# PROBLEM DETAILS
Skip every picture, then write out exactly the lines of the listing below from the line that contains "Set 100 baloane" through the final line.

# INFORMATION SHOWN
__________________________________________________
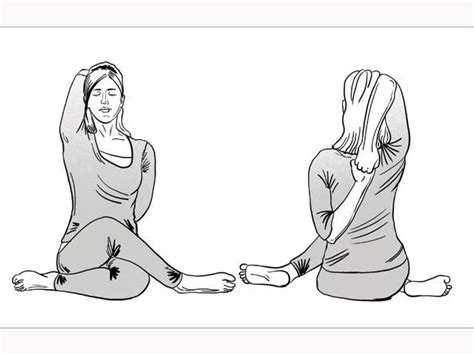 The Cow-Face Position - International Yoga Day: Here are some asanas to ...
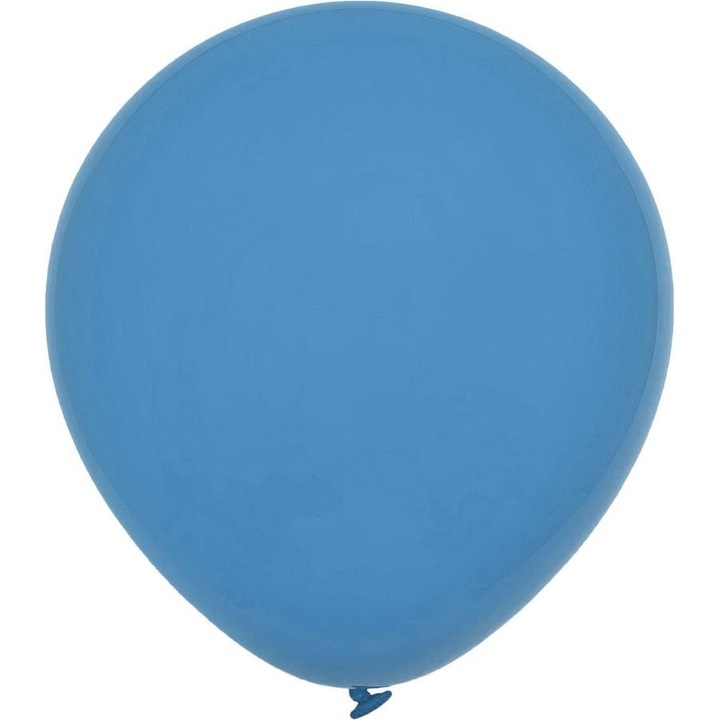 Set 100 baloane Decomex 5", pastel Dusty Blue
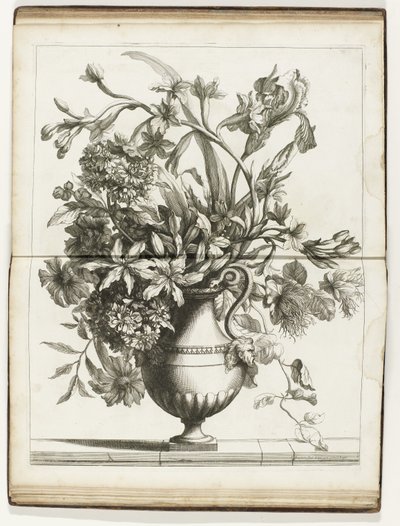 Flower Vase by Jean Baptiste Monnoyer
__________________________________________________
# ANSWER FOR THIS EXERCISE
 Set 100 baloane Decomex 5", pastel Dusty Blue
 Flower Vase by Jean Baptiste Monnoyer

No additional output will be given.